Hellblazer: Hard Time


Words by

Brian Azzarello


Art by

Richard Corben


Published by

DC Comics (US)
Titan Books (UK)


First published

2000


ISBN

1-56389-696-6 (US)
1-84023-255-2 (UK)


Links

Straight to Hell
Hellblazer Index


Story

5 stars

Art

5 stars

Overall

5 stars


Hellblazer: Hard Time

Hellblazer: Hard Time The anti-hero star of the Hellblazer series is John Constantine, one of the most iconic non-cape wearing characters to come out of DC Comics. A Mancunian ex-punk chain-smoker with a long dark past, he doesn't say much, practices magic (though no-one is quite sure how or why) and has a tendency to drag his few friends in over their heads. He's about as far from Harry Potter as you can get.

Hellblazer: Hard Time

Hard Time sees Constantine shoulder the load for someone else's crime and get sentenced to thirty-five years 'life' imprisonment in a US jail.
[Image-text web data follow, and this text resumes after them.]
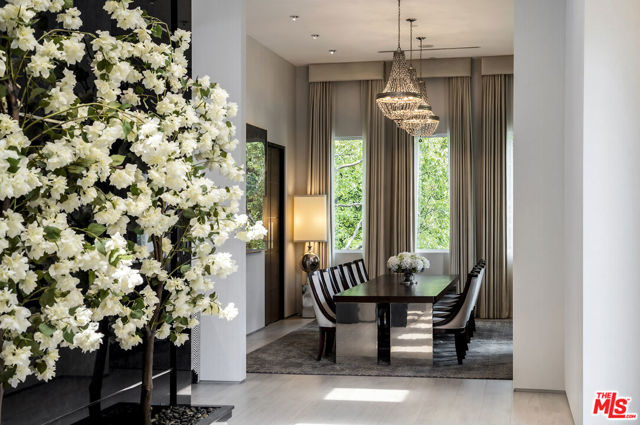 901 Oxford Way, Beverly Hills CA: https://media.crmls.org/mediaz/f18cf5e4-683b-4dee-a390-74d98ba9b298.jpg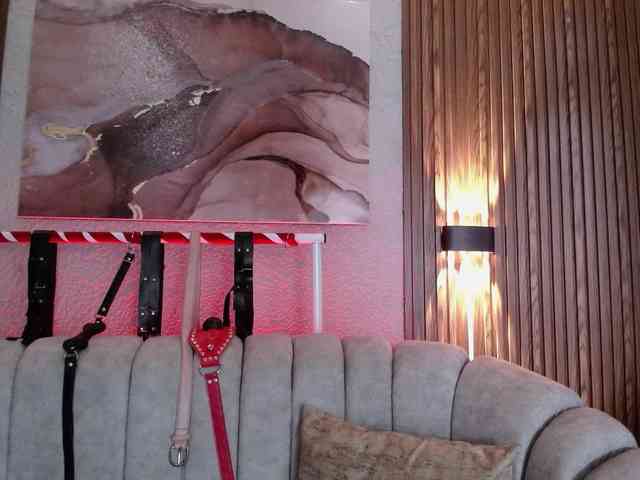 Naty-slavedoll webcam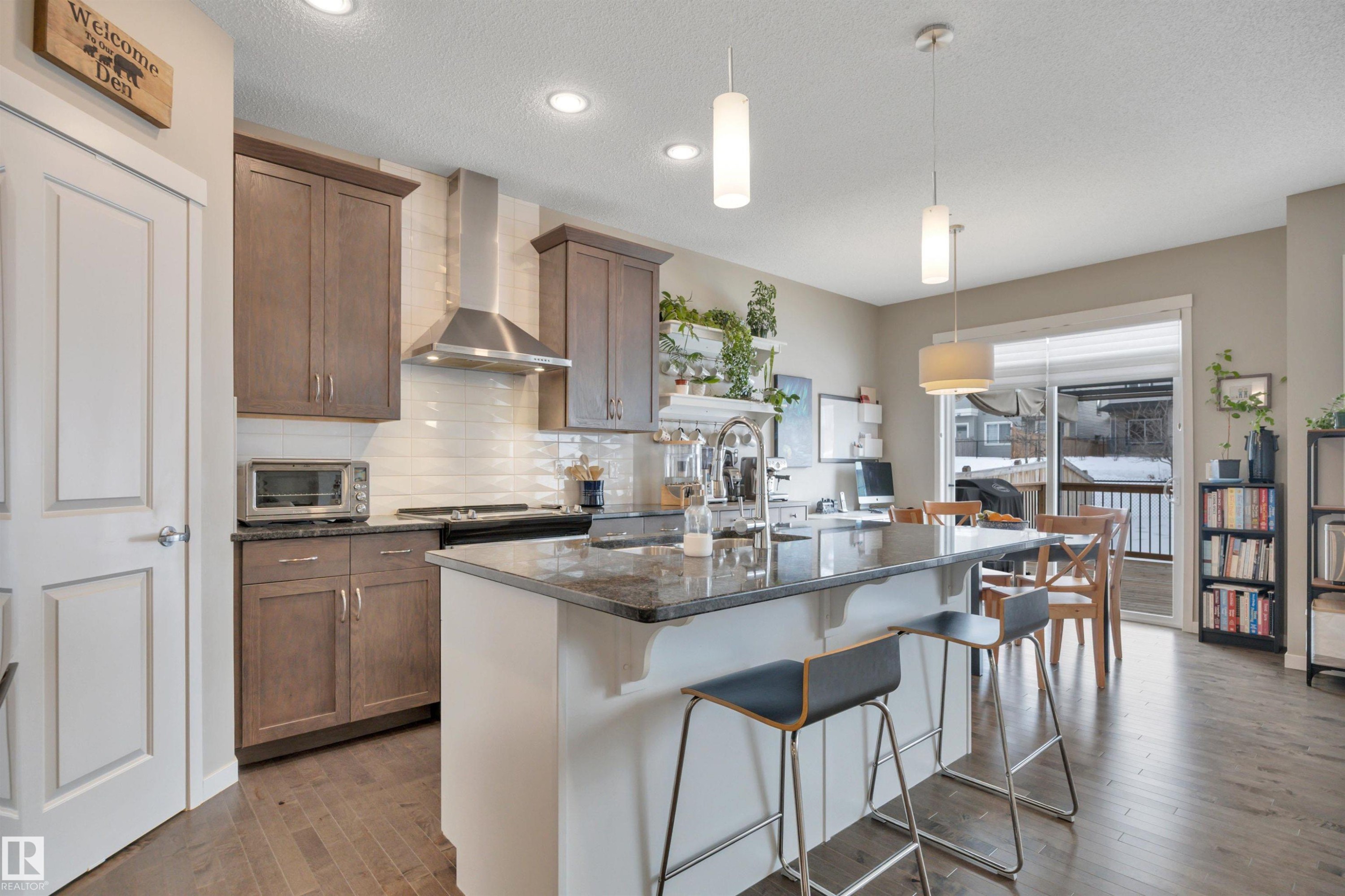 2394 Cassidy Way, Edmonton, AB - Indoor Photo Showing Kitchen With Upgraded Kitchen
From the word go he is viewed by both the wardens and the other prisoners and as a victim and a pawn in their political squabbles. The white supremacists, the Muslims, the Bloods, the bikers, the wiseguys - they all want a piece of this charismatic and innocent-seeming British guy, some of them literally. Without his tricks or his cigarettes, Constantine must do what he can to stay afloat in the prison's corrupt system, and the ensuing results are guaranteed to take the reader's breath away.

Brian Azzarello (of 100 Bullets fame) has kept the Hellblazer dialogue sparse and taut, with no words wasted. The humour is as dry as ever and even Constantine's original creator, Alan Moore, has nothing but good things to say about his character in Azzarello and Corben's care.

Long-term fans of the Hellblazer series will be pleased to see that the ghosts of the friends that Constantine has allowed to die during his murky career are back, and that Constantine doesn't indulge in self-torment at any point in this story arc. His ethics may be a darker shade of pale but his will and confidence are intact.

Richard Corben's art is believable but expressive, with something of the Robert Crumb in its heavy lines and leering faces - the perfect foil to a pungent stand-alone prison story that Hellblazer fans should love and newcomers can afford to pick up without feeling lost in the plot. The Shawshank Redemption this isn't.